### Available data

-- Opening Marker --

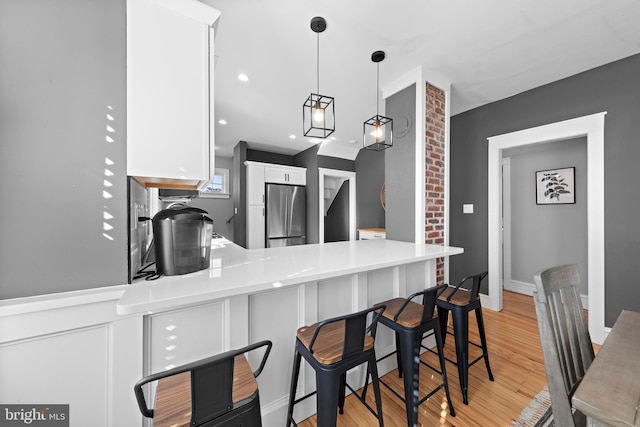 kitchen featuring light countertops, freestanding refrigerator, white cabinetry, light wood-type flooring, and a peninsula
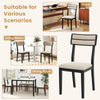 Modern dining chair with tilt backrest in black, featuring padded seat and elegant back pattern for versatile use.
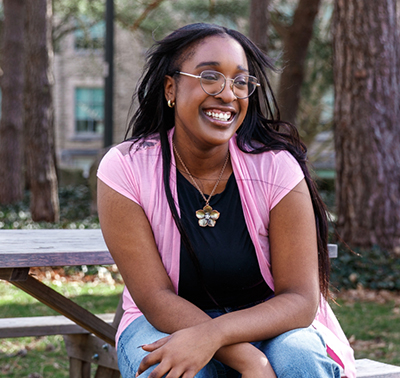 A photograph of a woman sitting outside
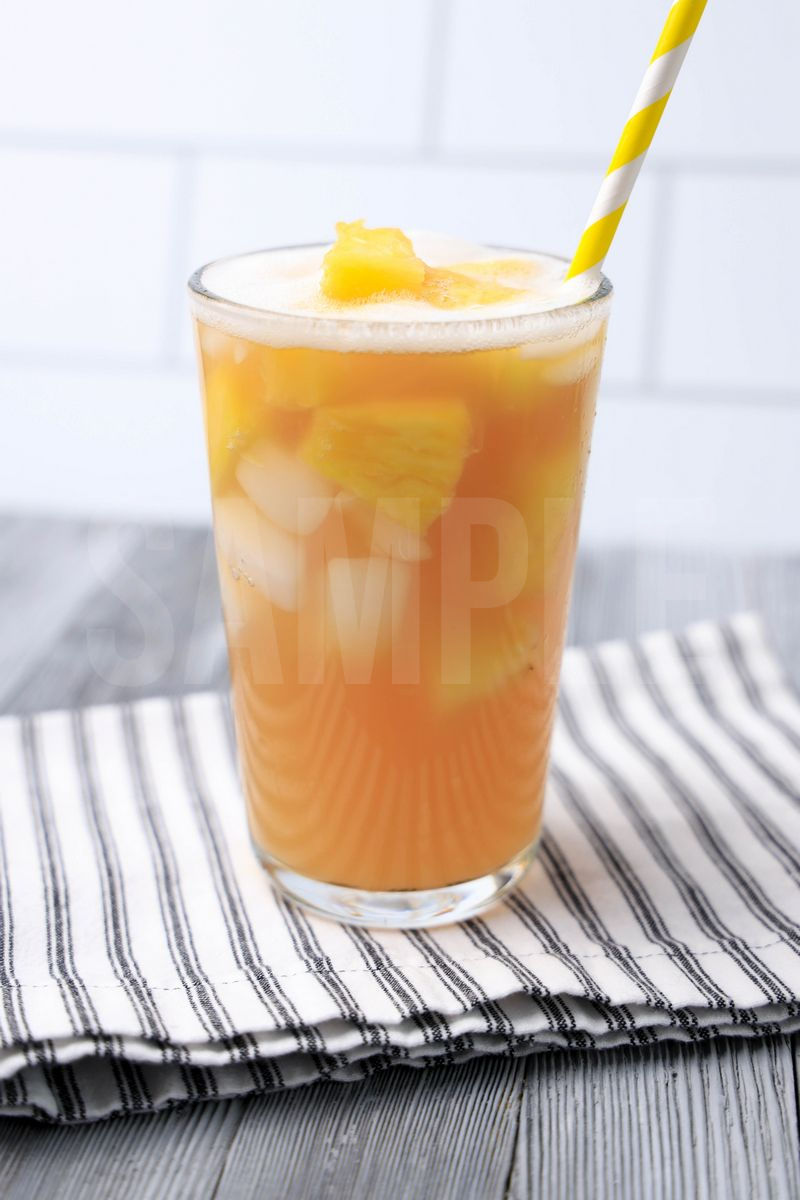 The Pineapple Passionfruit Refresher comes in a clear glass with a white striped napkin on a gray wood backdrop.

-- Closing Marker --

### Exercise brief
In your transcription of the listing above, match each line exactly and include no pictures.

### Output of the exercise
 kitchen featuring light countertops, freestanding refrigerator, white cabinetry, light wood-type flooring, and a peninsula
 Modern dining chair with tilt backrest in black, featuring padded seat and elegant back pattern for versatile use.
 A photograph of a woman sitting outside
 The Pineapple Passionfruit Refresher comes in a clear glass with a white striped napkin on a gray wood backdrop.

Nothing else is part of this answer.